*PROVIDED RECORDS*:
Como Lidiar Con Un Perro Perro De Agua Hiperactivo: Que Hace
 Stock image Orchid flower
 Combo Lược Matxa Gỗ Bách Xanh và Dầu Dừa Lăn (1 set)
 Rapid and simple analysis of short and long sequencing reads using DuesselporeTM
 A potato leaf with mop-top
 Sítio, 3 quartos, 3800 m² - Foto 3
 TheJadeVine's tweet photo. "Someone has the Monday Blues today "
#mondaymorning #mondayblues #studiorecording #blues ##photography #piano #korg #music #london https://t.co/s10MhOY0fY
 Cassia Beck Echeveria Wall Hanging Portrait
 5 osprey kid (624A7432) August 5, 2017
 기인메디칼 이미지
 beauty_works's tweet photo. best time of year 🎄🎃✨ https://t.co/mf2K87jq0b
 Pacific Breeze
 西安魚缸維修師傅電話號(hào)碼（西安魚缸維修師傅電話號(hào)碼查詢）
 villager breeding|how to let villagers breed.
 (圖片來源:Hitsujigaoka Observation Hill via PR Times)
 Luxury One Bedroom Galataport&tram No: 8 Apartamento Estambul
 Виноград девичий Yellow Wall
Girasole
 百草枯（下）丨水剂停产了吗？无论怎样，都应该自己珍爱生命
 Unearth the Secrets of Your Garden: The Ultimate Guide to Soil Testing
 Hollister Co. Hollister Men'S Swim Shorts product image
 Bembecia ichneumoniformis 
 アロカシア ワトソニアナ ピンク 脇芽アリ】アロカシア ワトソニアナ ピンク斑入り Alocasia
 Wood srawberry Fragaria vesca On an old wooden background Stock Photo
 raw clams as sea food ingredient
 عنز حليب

*REQUIREMENT*: From top to bottom, return the material above unchanged.

*REPLY*:
Como Lidiar Con Un Perro Perro De Agua Hiperactivo: Que Hace
 Stock image Orchid flower
 Combo Lược Matxa Gỗ Bách Xanh và Dầu Dừa Lăn (1 set)
 Rapid and simple analysis of short and long sequencing reads using DuesselporeTM
 A potato leaf with mop-top
 Sítio, 3 quartos, 3800 m² - Foto 3
 TheJadeVine's tweet photo. "Someone has the Monday Blues today "
#mondaymorning #mondayblues #studiorecording #blues ##photography #piano #korg #music #london https://t.co/s10MhOY0fY
 Cassia Beck Echeveria Wall Hanging Portrait
 5 osprey kid (624A7432) August 5, 2017
 기인메디칼 이미지
 beauty_works's tweet photo. best time of year 🎄🎃✨ https://t.co/mf2K87jq0b
 Pacific Breeze
 西安魚缸維修師傅電話號(hào)碼（西安魚缸維修師傅電話號(hào)碼查詢）
 villager breeding|how to let villagers breed.
 (圖片來源:Hitsujigaoka Observation Hill via PR Times)
 Luxury One Bedroom Galataport&tram No: 8 Apartamento Estambul
 Виноград девичий Yellow Wall
Girasole
 百草枯（下）丨水剂停产了吗？无论怎样，都应该自己珍爱生命
 Unearth the Secrets of Your Garden: The Ultimate Guide to Soil Testing
 Hollister Co. Hollister Men'S Swim Shorts product image
 Bembecia ichneumoniformis 
 アロカシア ワトソニアナ ピンク 脇芽アリ】アロカシア ワトソニアナ ピンク斑入り Alocasia
 Wood srawberry Fragaria vesca On an old wooden background Stock Photo
 raw clams as sea food ingredient
 عنز حليب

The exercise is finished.